Data Engineering project Amazon Reviews

‼️New branch with export to BigQuery (in progress, export works only via scripts, no Mage yet, stay tuned!)

Cloud environment: GitHub CodeSpaces, free and enough to test (120 core-hours of Codespaces compute for free monthly, 15GB of Codespaces storage for free monthly).

To reproduce and review this project it would be enough (hopefully) less than hour, and ~8GB total for described datasets. You don't need to use anything extra, like VS Code or trial accounts - just webrowser + GitHub account is totally enough.

This level of cloud resources allowed me to process and analyze-visualize datasets with at least 6 Mln reviews without issues.

🎯 Goals

This is my Data Engineering project started during DE ZoomCamp'24. And the main goal is straight-forward: Extract - Transform - Load data, then visualize some insights.
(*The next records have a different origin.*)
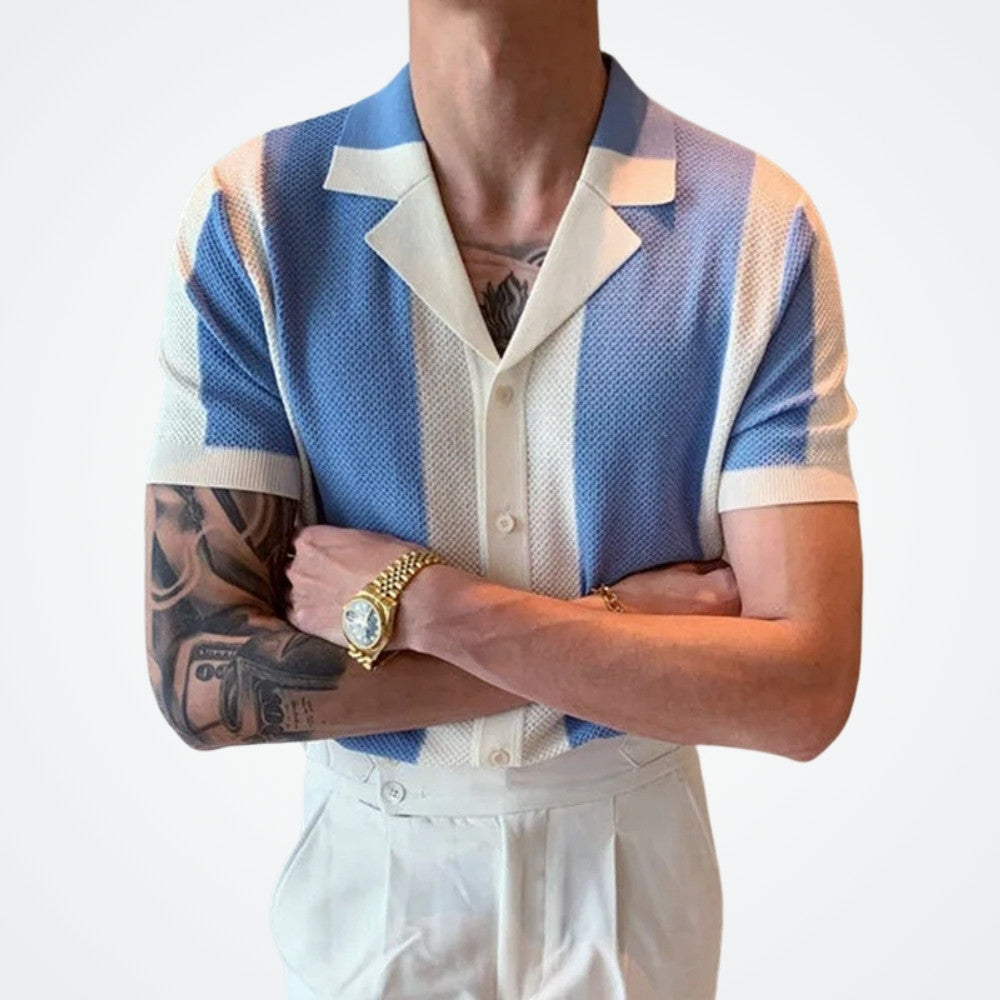 Men's Short-Sleeve Shirt Viarello Bolonia-Viarello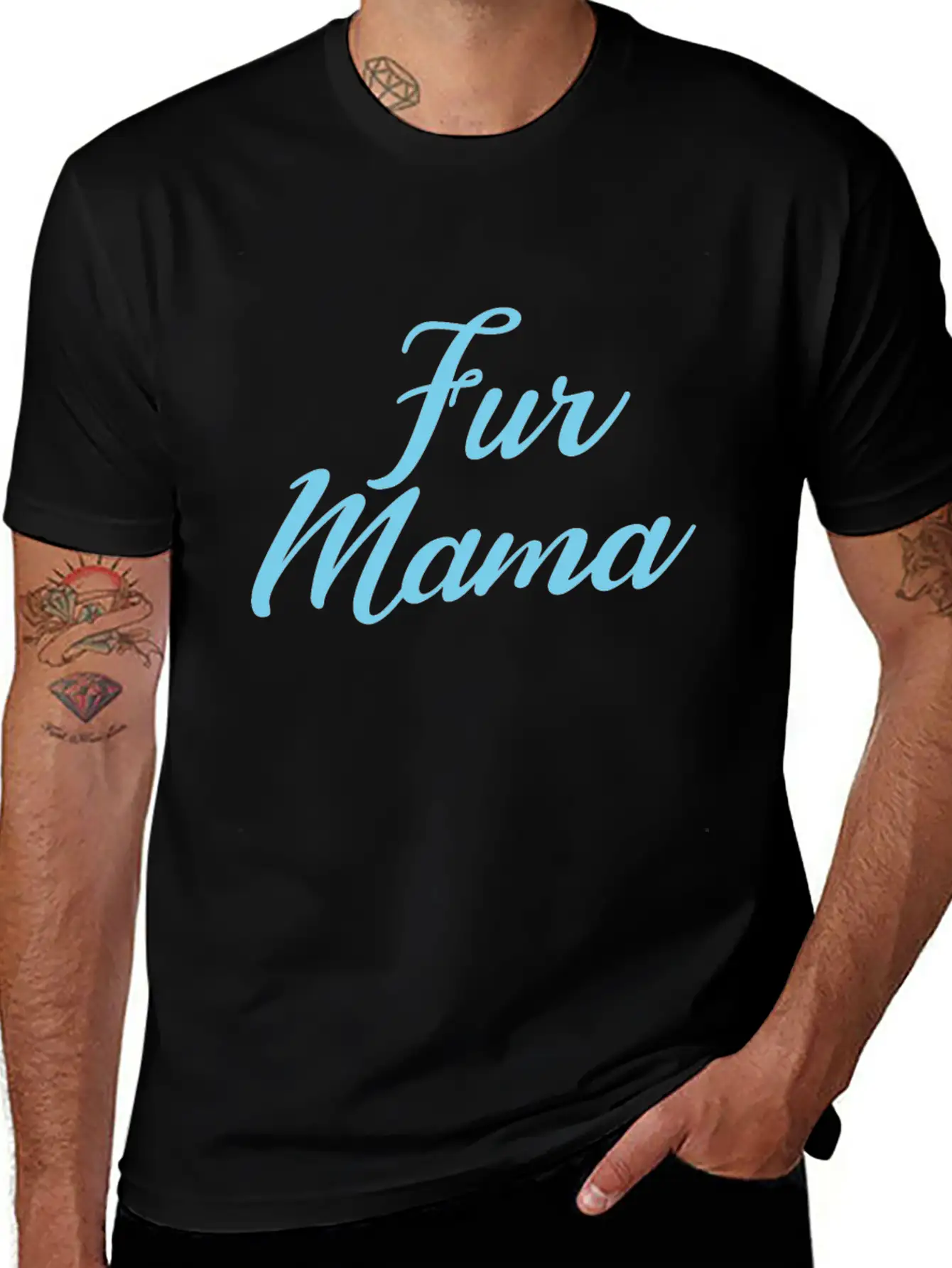 For Momma Pet Lover Essential Cotton Tee For Daily Outfits – Unisex Style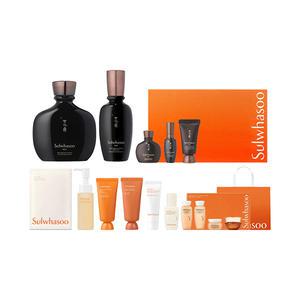 설화수 맨 기초 본윤 2종 세트(본윤 에센스+본윤 유액), 1개+증정(10종 샘플+쇼핑백, 1개)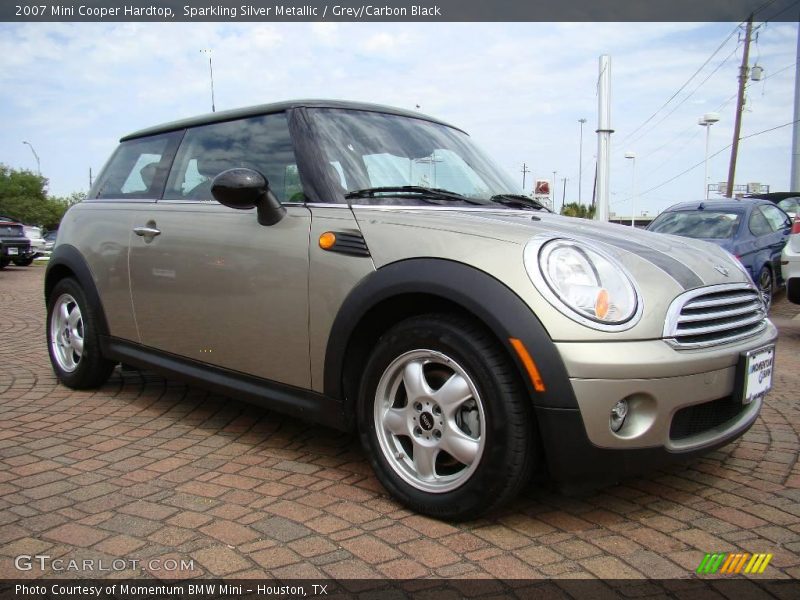Sparkling Silver Metallic / Grey/Carbon Black 2007 Mini Cooper Hardtop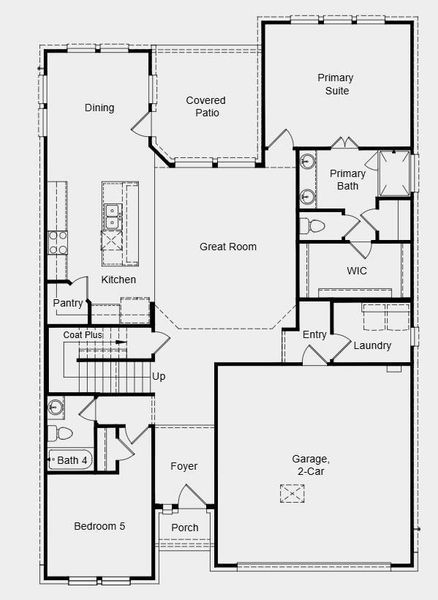 Additional Highlights Include: 36" wide mahogany contemporary front door, gas line at patio, and open railing.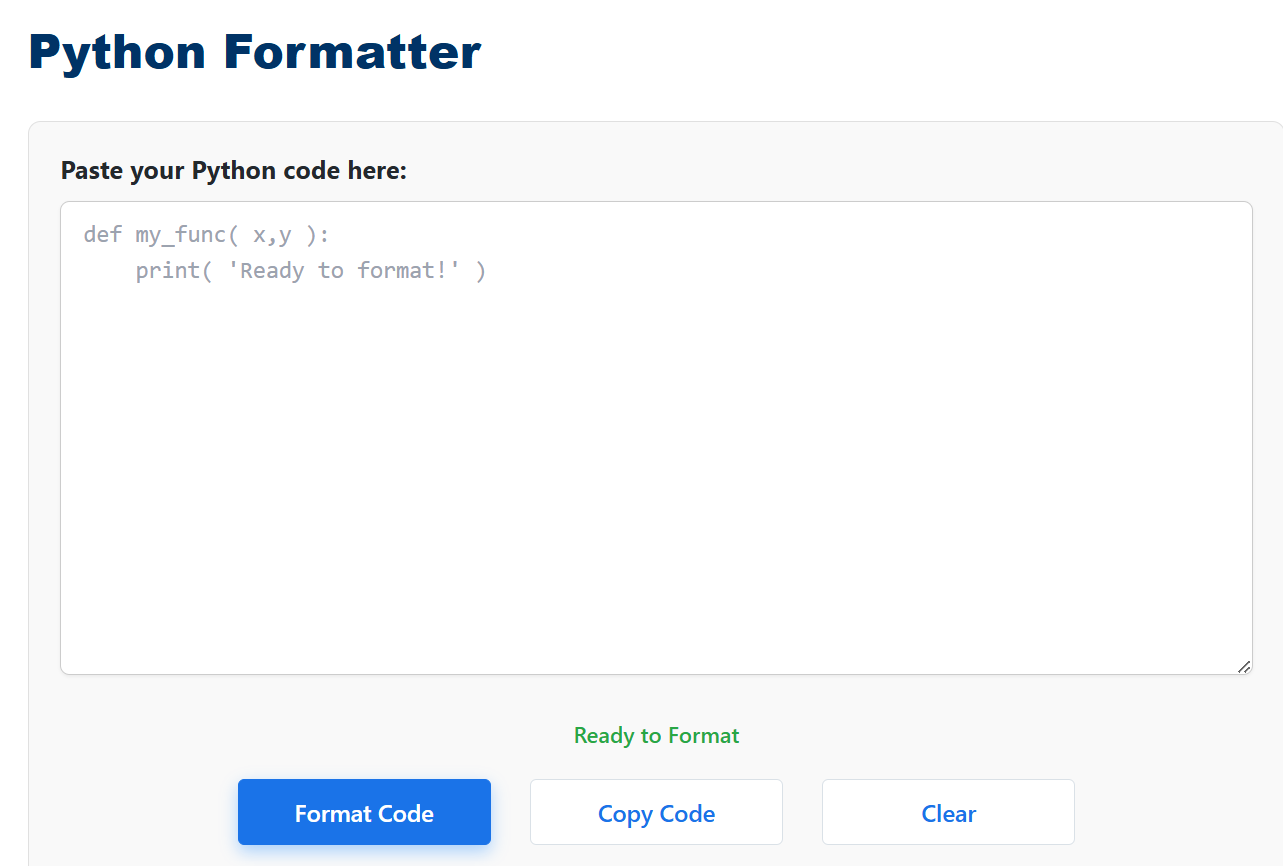 Best Python Formatter Online  gallery image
I chose to analyze Amazon Reviews dataset. Full dataset is huge, and it is available to download in parts - by product categories. There are some smaller and larger sub-datasets, some of them we would explore here (Digital_Music, Health_and_Personal_Care, All_Beauty, Software). Each subset includes 2 files: products (meta), ratings and user comments (reviews).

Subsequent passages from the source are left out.